Wednesday, October 22, 2008

Christian Faith

I wanted to briefly write a bit about what the virtue of faith is supposed to be all about.

Essentially, to have faith is to totally accept the word of God, to have the disposition to see the world in light of this acceptance and to completely surrender oneself to God. So there is a cognitive aspect of faith which is to believe in the Christian doctrine as well as internalizing Christian values so that one sees actions and states of affairs in those terms. Moreover, there is a connative aspect of faith which is to want to be (literally) God's servant.

There can be no doubt that faith, so conceived, is no virtue if Christianity is false. Imagine, however, if one were to hang on to the idea that faith were a virtue without the Christian framework. What would that look like? The sort of thing I am imagining is someone claiming that faith is the disposition to believe those propositions that can not be proven yet without which one would fall into global external world skepticism. And this character trait is a virtue because skeptics, being unsure that other people exist, turn out to always be egoists and so having faith is required to get morality off the ground. (Or something like this, I am just thinking of a simple example. Maybe I am being foolish but I think that this is something that someone could say.) At any rate, something has gone wrong here. I would argue that the person making this claim has hijacked the term. Faith originally meant one thing and now it is being used to refer to something else. The problem here is that the original intuition or feeling that faith is a virtue was a result of its being so under the Christian description. Under the new anti-skeptic description it is something totally different yet it still maintains the emotive or intuitive appeal of the old one. (This is poorly worded, but I hope the idea has been conveyed. We can talk about this in our meeting.)

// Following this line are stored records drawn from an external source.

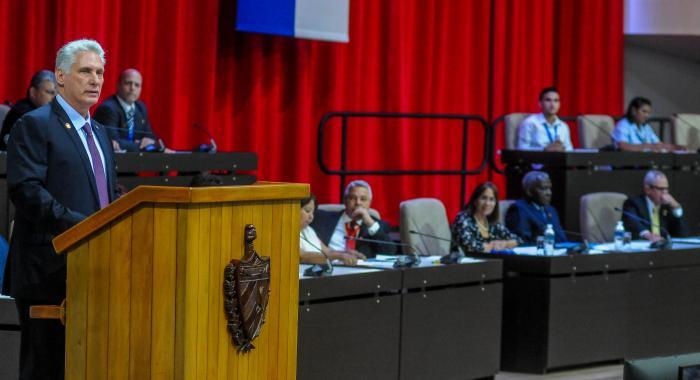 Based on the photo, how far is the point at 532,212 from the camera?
263 inches

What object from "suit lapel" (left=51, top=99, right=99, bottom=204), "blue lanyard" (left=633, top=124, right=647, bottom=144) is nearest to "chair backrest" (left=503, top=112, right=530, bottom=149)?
"blue lanyard" (left=633, top=124, right=647, bottom=144)

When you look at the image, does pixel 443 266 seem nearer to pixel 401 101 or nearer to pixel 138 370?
pixel 138 370

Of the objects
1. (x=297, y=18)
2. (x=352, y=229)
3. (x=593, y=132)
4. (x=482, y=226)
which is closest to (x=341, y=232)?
(x=352, y=229)

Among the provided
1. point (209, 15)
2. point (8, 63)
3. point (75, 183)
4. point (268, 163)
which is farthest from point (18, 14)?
point (75, 183)

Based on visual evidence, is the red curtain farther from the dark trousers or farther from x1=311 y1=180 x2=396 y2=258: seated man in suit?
the dark trousers

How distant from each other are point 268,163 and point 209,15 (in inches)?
46.9

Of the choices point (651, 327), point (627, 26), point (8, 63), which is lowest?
point (651, 327)

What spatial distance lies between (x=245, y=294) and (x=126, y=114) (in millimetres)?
3822

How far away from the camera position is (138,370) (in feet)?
8.06

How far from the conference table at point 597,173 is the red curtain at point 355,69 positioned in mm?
1472

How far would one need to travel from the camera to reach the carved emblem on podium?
2508mm

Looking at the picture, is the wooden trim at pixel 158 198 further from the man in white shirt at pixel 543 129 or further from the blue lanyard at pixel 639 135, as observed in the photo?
the blue lanyard at pixel 639 135

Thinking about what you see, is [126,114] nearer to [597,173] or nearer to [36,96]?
[36,96]

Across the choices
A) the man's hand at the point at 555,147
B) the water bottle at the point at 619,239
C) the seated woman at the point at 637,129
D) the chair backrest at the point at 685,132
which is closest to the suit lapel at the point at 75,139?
the water bottle at the point at 619,239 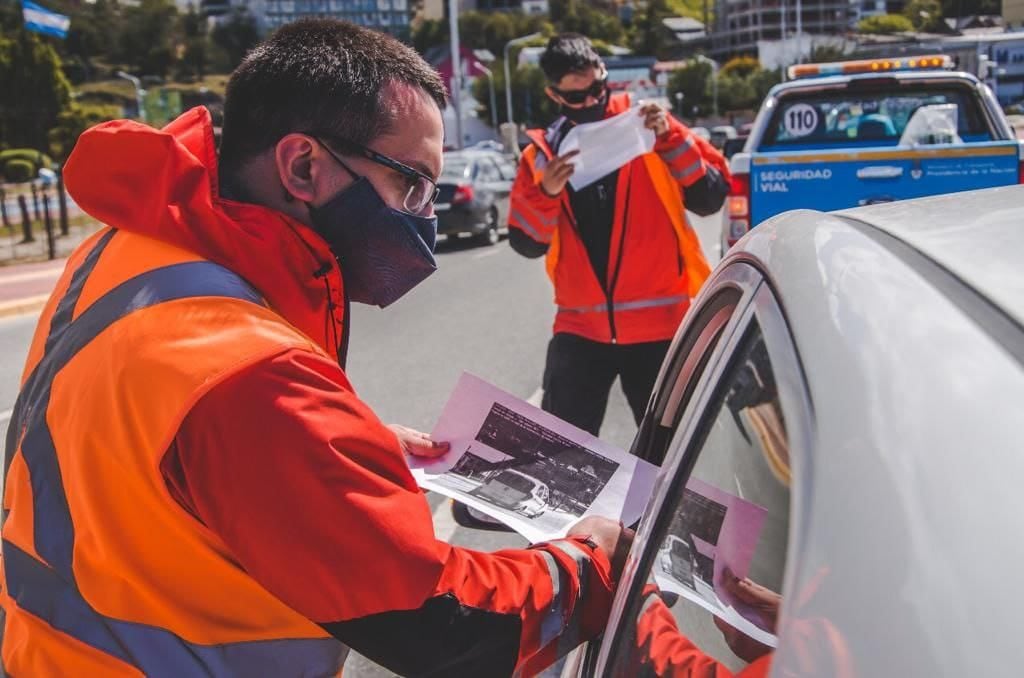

What has happened to faith in my silly example is what I think has happened to modesty in recent times with the modern characterizations. Many people, myself included, have the gut-feeling or intuition that modesty is a virtue and (I would guess) this is a result of Christian values which have been internalized in Western culture. We still to some degree, whether we believe the doctrine or not, are stuck with the Christian conceptual scheme. [I would need to argue for this point no doubt, though I feel that it is to some degree self-evident.] So we have this intuition (whose basis is in Christian thought) but we have dropped the Christian framework which means that we need a new characterization of modesty because we think the Christian one is false and so we make a new description of modesty. And yet we have gone awry because the intuition we are holding on to is a result of the framework we are rejecting. Modesty being a virtue is only plausible within that framework of Christianity but because we feel that modesty is a virtue and that Christianity is false we go on about modesty anyway.

My thought and point is that without Christianity modesty is not a virtue and that any attempt to make it so must fail as what is really occurring is the hijacking of the term and putting it under a new description. If Driver thinks that what she has described is a virtue that that is all well and good but she should not give it the name modesty because what she has described is not. The same, I would say, goes for your account which calls modesty the exact opposite of what the framework in which it gained the status of a virtue understood it to mean.

All this needs refinement and clarification but it is the basic thought that I have been having on this subject.